Un montage d’optimisation fiscale fréquemment utilisé consiste à faire précéder la cession des titres d’une donation . Ce type de montage permet ainsi de neutraliser la taxation des plus-values : la plus-value due avant la transmission est purgée par la donation, et la cession qui intervient juste après la donation ne génère aucune plus-value puisque le prix de cession est alors égal à la valeur des titres transmis.

L’administration poursuit assez systématiquement ces opérations de donation-cession sur le terrain de l’abus de droit . Toutefois pour obtenir gain de cause sur ce fondement : il lui faut en effet pouvoir démontrer la fictivité de la donation pour caractériser un abus de droit.
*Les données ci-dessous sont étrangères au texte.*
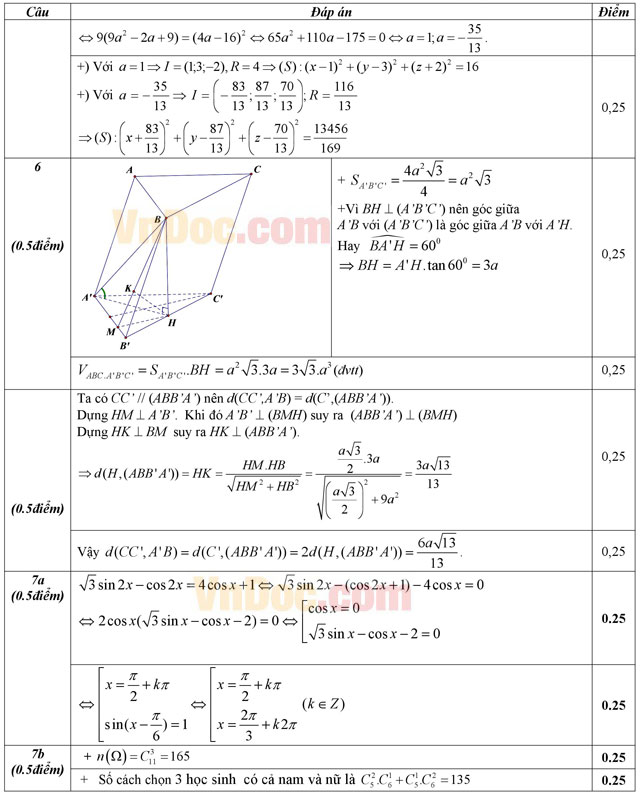 Đáp án đề thi thử THPT Quốc gia môn Toán năm 2016 trường THPT Xuân Trường, Nam Định (Lần 2) Đáp án đề thi thử THPT Quốc gia môn Toán năm 2016 trường THPT Xuân Trường, Nam Định (Lần 2)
Or cela lui est très malaisé compte tenu de la grande liberté qu’offre le droit civil en matière d’organisation des transmissions.

Le Gouvernement avait dans le cadre de la 3ème Loi de Finances rectificative pour 2012 proposé d’instaurer un nouveau régime légal d’imposition des plus-values, spécifique au cas des donations-cessions.

Pour résumé , le gouvernement avait proposé d’insérer un 1bis à l’article 150-0 D prévoyant, notamment, qu’en cas de cession, d’apport, de remboursement ou d’annulation de valeurs mobilières, de droits sociaux, de titres, dans un délai de deux ans suivant leur acquisition par voie de donation ou de don manuel :

  • Le prix d’acquisition des valeurs, titres ou droits concernés à retenir par le cédant pour la détermination du gain net de cession de ces valeurs, titres ou droits était leur prix ou leur valeur d’acquisition par le donateur augmenté des frais afférents à l’acquisition à titre gratuit, ou, si elle est inférieure, la valeur retenue pour la détermination des droits de mutation au moment de la transmission.

Ce régime adopté par les parlementaires a été censuré par le Conseil Constitutionnel.

Rappelons qu’en pratique, l’opération n’encourt aucune critique de la part de l’administration fiscale lorsque deux conditions sont vérifiées :

  • la donation est préalable à la mutation à titre onéreux des titres, cette dernière ne devant pas être engagée lorsque la donation sera consentie,

  • le prix de cession est appréhendé par le donataire, qui est alors le cédant.

Dans l’affaire soumise à sa censure le conseil d’Etat a justement considéré que cette chronologie était respectée.

Au cas particulier , l’administration fiscale avait dans le cadre d’un ESFP imposé un contribuable au titre de plus-values sur titres dégagées à l’occasion d’une cession de titre sur le fondement de l’article 150-0 A du CGI. Débouté de sa demande en décharge devant les juges du fonds, ce contribuable avait trouvé un écho favorable auprès de la Cour Administrative d’Appel de Bordeaux dont la décision vient d’être validée par la haute juridiction administrative.

Le point de désaccord portait sur la réalité de la chronologie ; l’administration comme les juges du fonds estimaient que la donation était postérieur à la cession. Partant si la vente était parfaite avant la donation l’impôt sur les plus-values était donc exigible lors de la cession (antérieure à la donation).

Chronologie des opérations

  • En l’espèce, le contribuable avait par acte du 23 juin 2000 conclu une promesse de cessions d’actions avec la société X. L’article 6 de cette promesse (conditions suspensives) stipulait que la cession définitive était soumise à un audit avec une remise de rapport fixée au 27 juin 2000 et une faculté pour l’acquéreur de renoncer à cette acquisition au vu de ce rapport.

  • Par ailleurs par acte du 20 juin 2000 (enregistré le le 4 juillet) le contribuable avait déclaré avoir transféré à chacun de ses enfants 450 parts par deux ordres de mouvements inscrits sur le registre de la société le 16 juin 2000 .

  • Enfin le paiement des actions objet de la promesse est intervenu le 10 juillet 2000.

La haute juridiction considère qu’en vertu des clauses de la promesse , la condition tenant à la réalisation d’un audit « présentait un caractère suspensif impliquant que le transfert de propriété ne pouvait intervenir avant sa levée.» . Elle relève également que le paiement étant intervenu le 10 juillet, la donation était bien antérieure à la cession.

La chronologie étant respectée, le Conseil d’Etat a débouté l’administration et déchargé le contribuable de l’impôt de plus-value mis à sa charge.